Go through the entries below and print, exactly, the lines starting at the one with "32 ADULT Santa Cruz Pant Carpenter Big Pants" and ending at the one with "[Rio Hamasaki] DMM Blogspot 2007-2008", keeping both ends and no others.
━━━ Records for the exercise ━━━
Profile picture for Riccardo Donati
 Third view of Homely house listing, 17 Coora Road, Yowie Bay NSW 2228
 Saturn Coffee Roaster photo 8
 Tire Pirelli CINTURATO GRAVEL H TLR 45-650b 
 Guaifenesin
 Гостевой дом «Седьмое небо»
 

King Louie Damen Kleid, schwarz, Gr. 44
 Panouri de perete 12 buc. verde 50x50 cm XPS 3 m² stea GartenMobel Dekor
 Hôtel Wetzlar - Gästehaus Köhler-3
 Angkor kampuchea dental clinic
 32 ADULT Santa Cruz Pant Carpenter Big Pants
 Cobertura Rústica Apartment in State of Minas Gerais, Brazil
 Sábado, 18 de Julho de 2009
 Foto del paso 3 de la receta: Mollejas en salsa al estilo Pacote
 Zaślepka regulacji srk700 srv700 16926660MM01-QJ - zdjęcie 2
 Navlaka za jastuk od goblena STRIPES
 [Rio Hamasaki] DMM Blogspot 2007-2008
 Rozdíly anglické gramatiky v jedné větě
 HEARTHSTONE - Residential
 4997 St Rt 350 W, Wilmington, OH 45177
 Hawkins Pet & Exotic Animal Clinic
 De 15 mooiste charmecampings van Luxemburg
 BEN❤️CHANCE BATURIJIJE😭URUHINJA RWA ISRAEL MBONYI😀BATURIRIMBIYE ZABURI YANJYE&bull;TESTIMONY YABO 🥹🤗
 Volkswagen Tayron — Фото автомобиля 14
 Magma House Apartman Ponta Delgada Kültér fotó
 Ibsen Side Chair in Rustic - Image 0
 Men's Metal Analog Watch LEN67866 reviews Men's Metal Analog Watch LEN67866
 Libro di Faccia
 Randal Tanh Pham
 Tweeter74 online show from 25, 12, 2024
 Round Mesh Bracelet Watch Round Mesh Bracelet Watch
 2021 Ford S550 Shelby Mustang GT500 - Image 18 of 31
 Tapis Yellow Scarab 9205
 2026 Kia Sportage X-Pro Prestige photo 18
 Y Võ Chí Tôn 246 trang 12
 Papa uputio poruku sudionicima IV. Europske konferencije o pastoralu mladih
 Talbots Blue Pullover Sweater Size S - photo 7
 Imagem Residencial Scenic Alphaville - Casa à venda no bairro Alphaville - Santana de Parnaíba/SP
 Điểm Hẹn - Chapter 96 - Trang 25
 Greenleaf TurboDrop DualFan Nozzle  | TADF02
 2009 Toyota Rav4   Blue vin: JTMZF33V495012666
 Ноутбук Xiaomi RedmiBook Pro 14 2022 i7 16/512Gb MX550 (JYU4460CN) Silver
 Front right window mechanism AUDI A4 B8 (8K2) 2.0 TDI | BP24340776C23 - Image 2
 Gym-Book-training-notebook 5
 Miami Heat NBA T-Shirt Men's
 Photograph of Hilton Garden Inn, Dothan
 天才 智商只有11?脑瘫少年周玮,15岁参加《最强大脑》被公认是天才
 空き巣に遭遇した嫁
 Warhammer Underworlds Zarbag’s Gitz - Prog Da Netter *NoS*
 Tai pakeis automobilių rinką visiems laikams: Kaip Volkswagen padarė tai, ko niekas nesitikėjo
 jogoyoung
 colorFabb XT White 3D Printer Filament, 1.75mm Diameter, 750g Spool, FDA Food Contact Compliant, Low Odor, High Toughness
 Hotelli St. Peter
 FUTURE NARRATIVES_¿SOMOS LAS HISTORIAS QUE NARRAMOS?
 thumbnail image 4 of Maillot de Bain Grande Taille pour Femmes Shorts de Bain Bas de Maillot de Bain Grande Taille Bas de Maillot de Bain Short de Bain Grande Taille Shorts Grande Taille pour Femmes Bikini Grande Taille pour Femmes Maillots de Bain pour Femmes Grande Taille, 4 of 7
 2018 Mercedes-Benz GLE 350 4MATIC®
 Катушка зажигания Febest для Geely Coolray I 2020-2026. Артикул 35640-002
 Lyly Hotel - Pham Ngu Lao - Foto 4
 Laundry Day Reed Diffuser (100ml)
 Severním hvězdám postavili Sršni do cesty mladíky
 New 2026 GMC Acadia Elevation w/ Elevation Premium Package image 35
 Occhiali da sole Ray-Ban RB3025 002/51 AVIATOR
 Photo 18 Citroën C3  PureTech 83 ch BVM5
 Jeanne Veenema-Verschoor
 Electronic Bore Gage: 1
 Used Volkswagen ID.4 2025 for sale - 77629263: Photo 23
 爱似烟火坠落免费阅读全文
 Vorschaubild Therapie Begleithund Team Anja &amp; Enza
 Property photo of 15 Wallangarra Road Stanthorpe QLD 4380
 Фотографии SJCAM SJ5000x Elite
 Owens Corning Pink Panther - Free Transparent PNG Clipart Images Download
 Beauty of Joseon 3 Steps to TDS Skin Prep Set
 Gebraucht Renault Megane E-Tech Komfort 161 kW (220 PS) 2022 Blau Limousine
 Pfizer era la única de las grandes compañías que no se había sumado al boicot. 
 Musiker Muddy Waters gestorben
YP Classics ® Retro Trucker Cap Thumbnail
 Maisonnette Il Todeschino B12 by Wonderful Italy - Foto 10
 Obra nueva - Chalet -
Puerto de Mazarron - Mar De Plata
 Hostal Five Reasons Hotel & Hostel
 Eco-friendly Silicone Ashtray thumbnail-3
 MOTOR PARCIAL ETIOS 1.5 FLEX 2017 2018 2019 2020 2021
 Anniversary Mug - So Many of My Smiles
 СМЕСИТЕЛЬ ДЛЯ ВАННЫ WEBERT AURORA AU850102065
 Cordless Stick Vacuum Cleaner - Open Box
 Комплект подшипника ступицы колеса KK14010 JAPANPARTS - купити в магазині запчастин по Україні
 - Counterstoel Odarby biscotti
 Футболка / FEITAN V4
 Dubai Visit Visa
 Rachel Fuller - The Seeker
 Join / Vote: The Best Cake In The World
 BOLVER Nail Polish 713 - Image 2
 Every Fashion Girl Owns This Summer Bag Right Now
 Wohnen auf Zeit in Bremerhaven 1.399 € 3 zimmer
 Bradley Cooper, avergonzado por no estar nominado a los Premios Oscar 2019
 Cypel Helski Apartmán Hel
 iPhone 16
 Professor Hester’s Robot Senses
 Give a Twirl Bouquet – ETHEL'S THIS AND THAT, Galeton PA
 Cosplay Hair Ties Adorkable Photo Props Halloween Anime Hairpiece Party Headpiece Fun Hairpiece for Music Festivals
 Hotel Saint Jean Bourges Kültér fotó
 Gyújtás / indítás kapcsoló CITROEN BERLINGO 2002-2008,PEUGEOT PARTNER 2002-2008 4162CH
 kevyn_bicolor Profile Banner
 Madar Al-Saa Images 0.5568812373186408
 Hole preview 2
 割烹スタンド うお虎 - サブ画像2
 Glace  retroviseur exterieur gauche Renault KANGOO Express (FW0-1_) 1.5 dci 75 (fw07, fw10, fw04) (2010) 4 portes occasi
━━━
Solution:
 32 ADULT Santa Cruz Pant Carpenter Big Pants
 Cobertura Rústica Apartment in State of Minas Gerais, Brazil
 Sábado, 18 de Julho de 2009
 Foto del paso 3 de la receta: Mollejas en salsa al estilo Pacote
 Zaślepka regulacji srk700 srv700 16926660MM01-QJ - zdjęcie 2
 Navlaka za jastuk od goblena STRIPES
 [Rio Hamasaki] DMM Blogspot 2007-2008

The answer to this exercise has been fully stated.